• DATA TO EXAMINE:
# # # # #

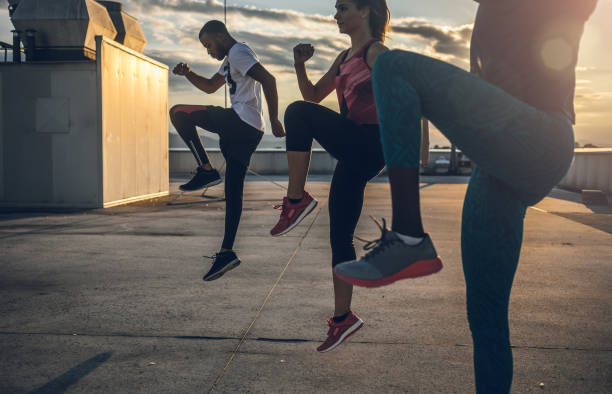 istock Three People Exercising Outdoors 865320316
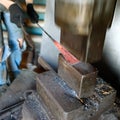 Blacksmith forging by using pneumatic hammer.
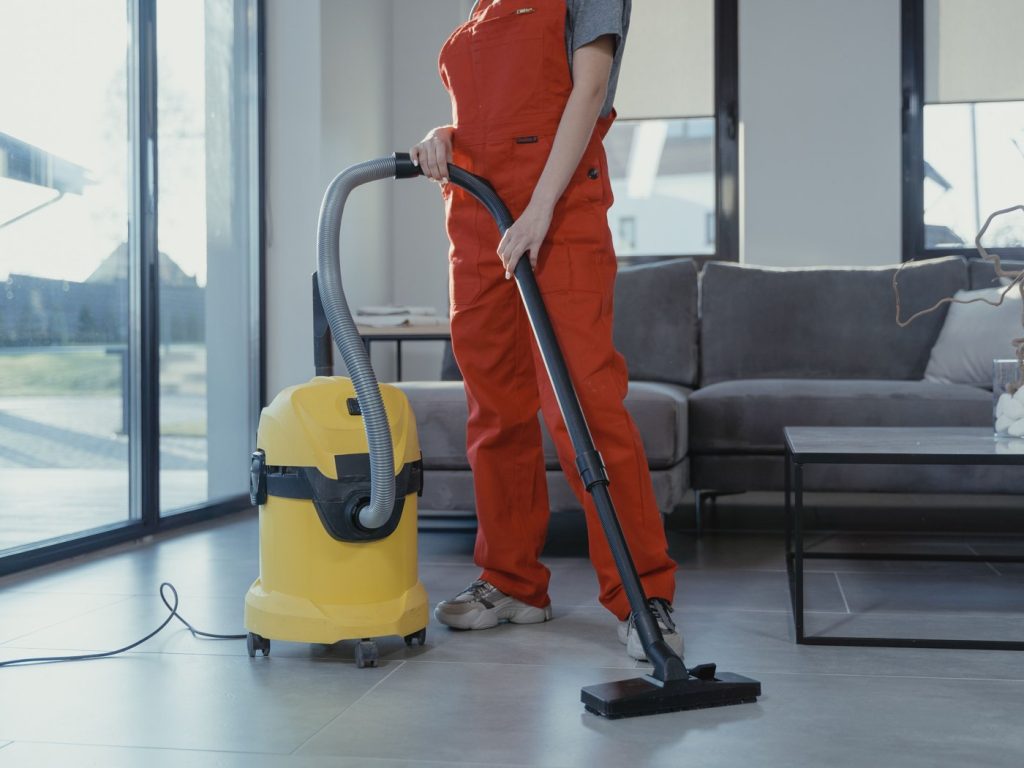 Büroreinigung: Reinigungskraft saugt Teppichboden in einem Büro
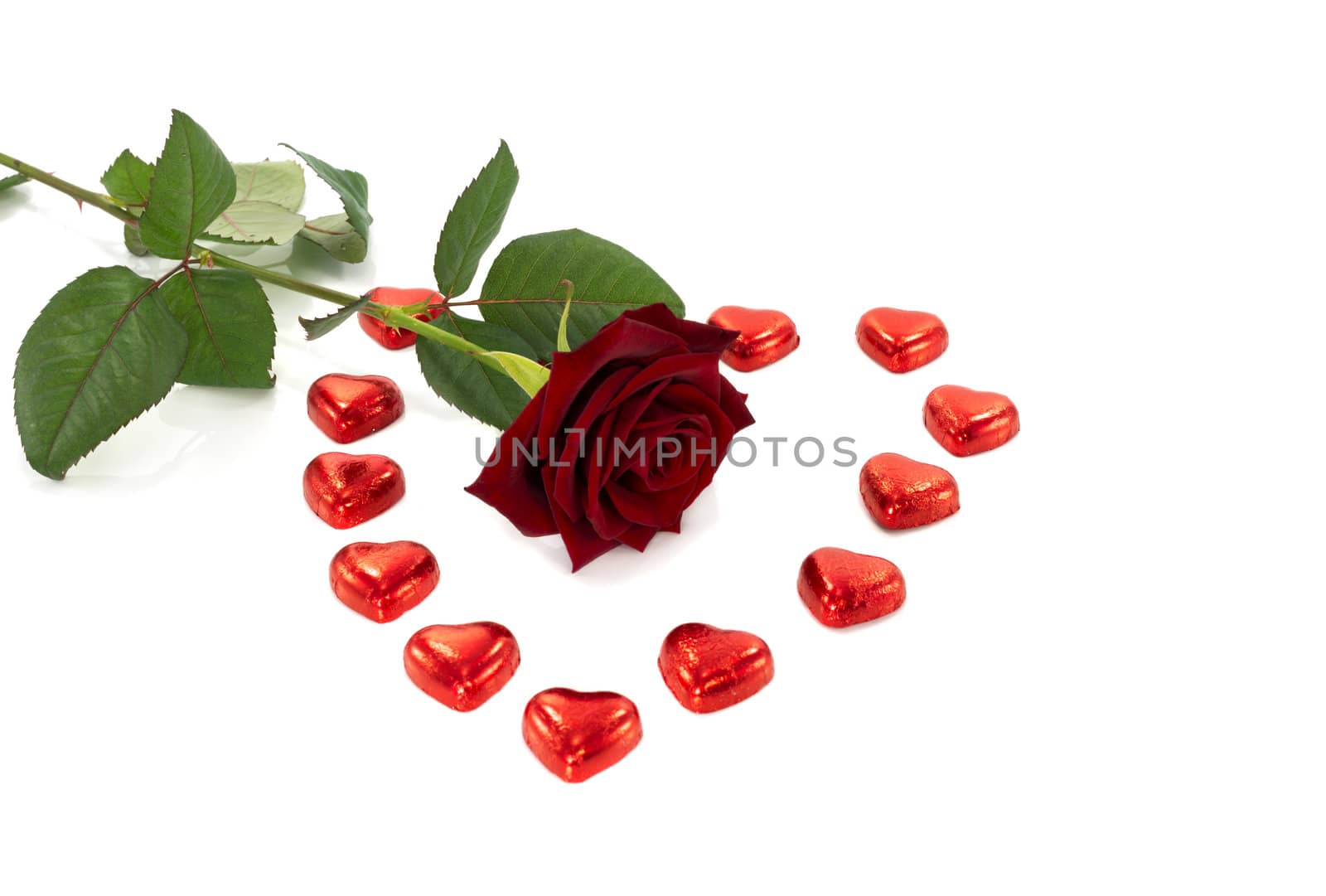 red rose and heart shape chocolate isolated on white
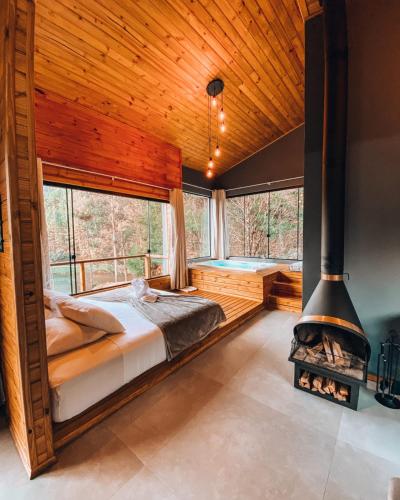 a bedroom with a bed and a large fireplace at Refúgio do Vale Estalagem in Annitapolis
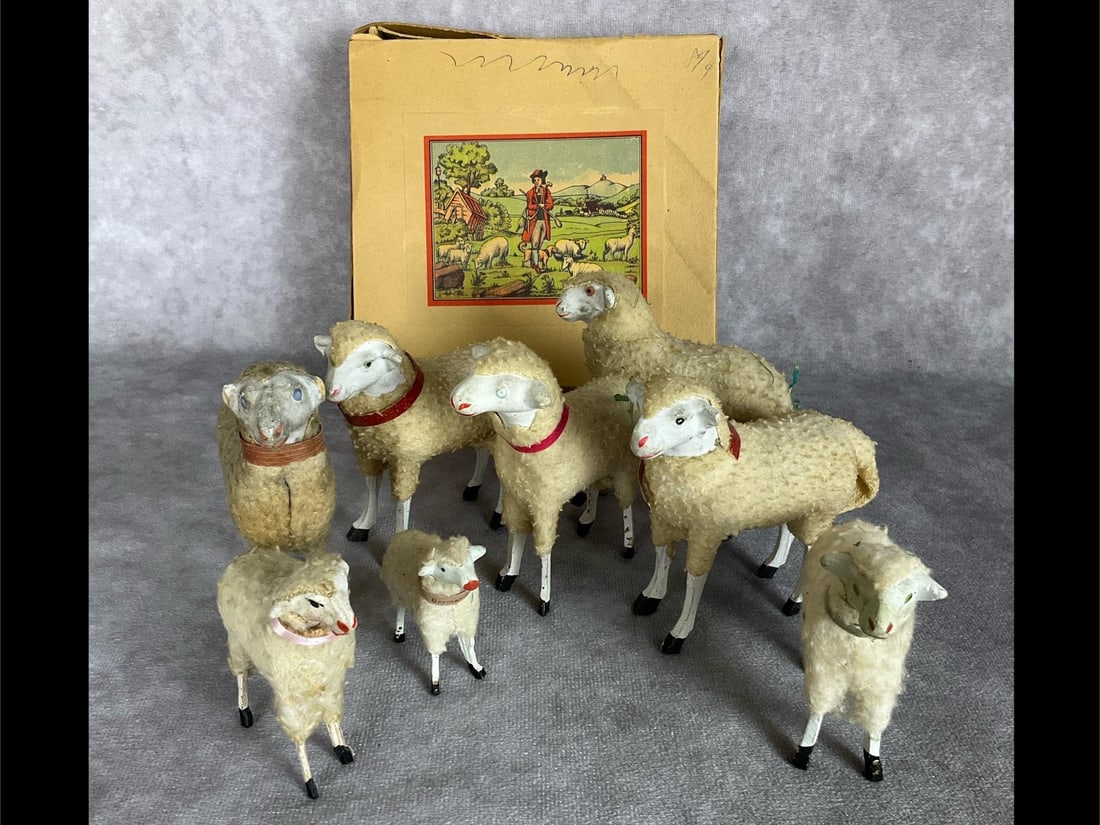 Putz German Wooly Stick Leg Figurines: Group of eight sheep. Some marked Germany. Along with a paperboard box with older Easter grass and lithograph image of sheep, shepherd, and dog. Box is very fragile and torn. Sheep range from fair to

# # # # #

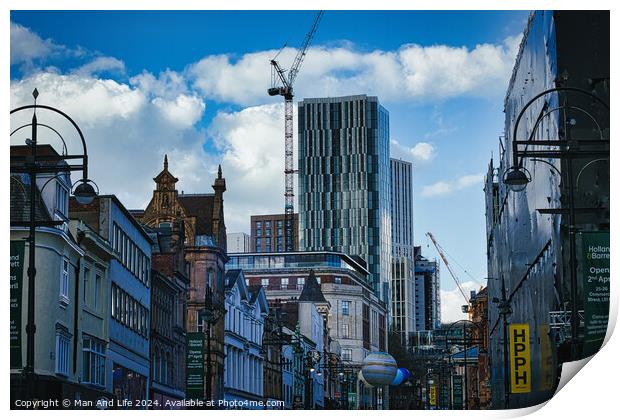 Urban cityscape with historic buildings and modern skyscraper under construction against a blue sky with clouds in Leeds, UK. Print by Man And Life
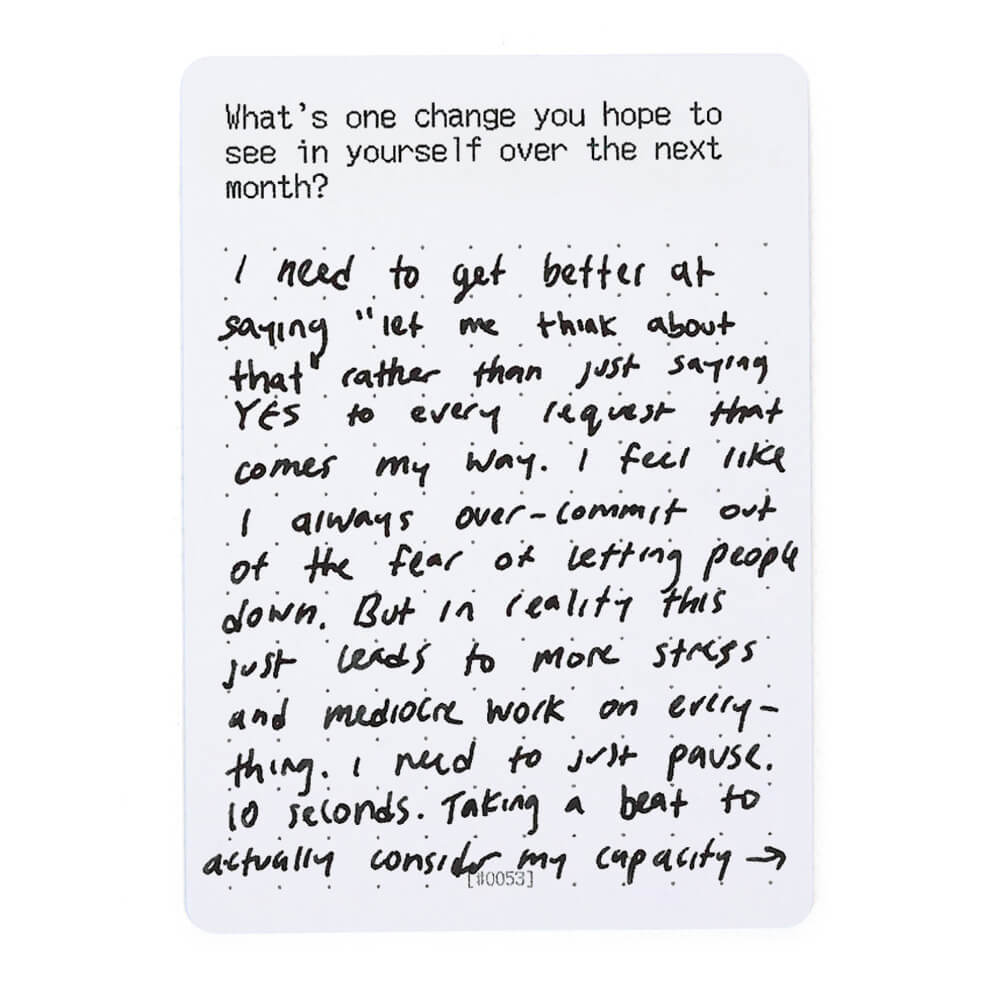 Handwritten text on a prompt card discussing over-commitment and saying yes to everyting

# # # # #

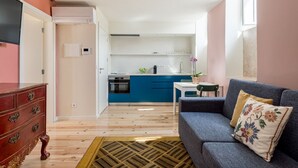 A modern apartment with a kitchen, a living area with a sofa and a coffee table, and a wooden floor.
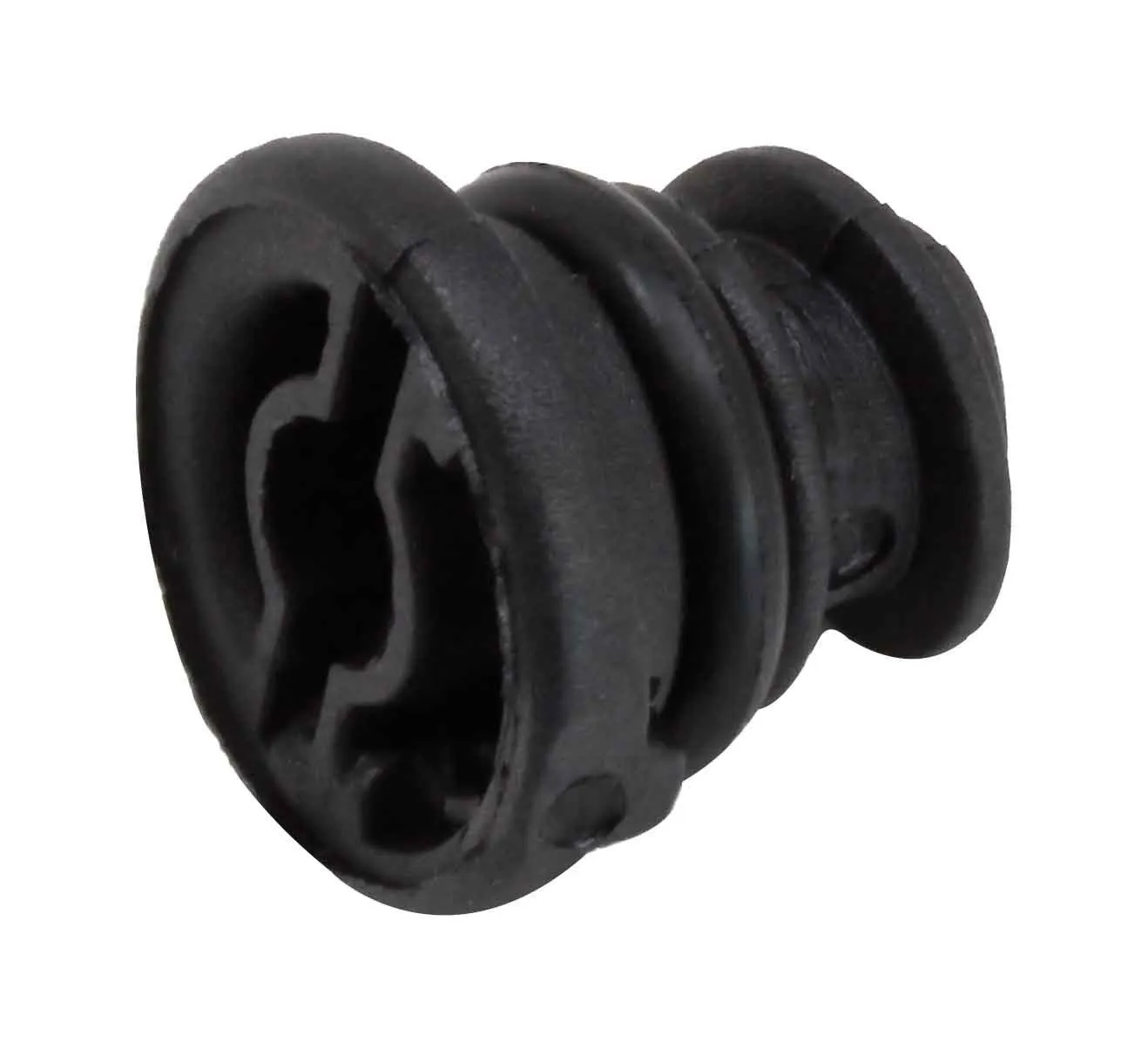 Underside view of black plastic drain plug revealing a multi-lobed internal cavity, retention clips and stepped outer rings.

# # # # #

Using the data above, print only the lines starting at the one with "Blacksmith forging by" and ending at the one with "Putz German Wooly", exactly as they stand, minus the pictures.

• EXERCISE ANSWER:
 Blacksmith forging by using pneumatic hammer.
 Büroreinigung: Reinigungskraft saugt Teppichboden in einem Büro
 red rose and heart shape chocolate isolated on white
 a bedroom with a bed and a large fireplace at Refúgio do Vale Estalagem in Annitapolis
 Putz German Wooly Stick Leg Figurines: Group of eight sheep. Some marked Germany. Along with a paperboard box with older Easter grass and lithograph image of sheep, shepherd, and dog. Box is very fragile and torn. Sheep range from fair to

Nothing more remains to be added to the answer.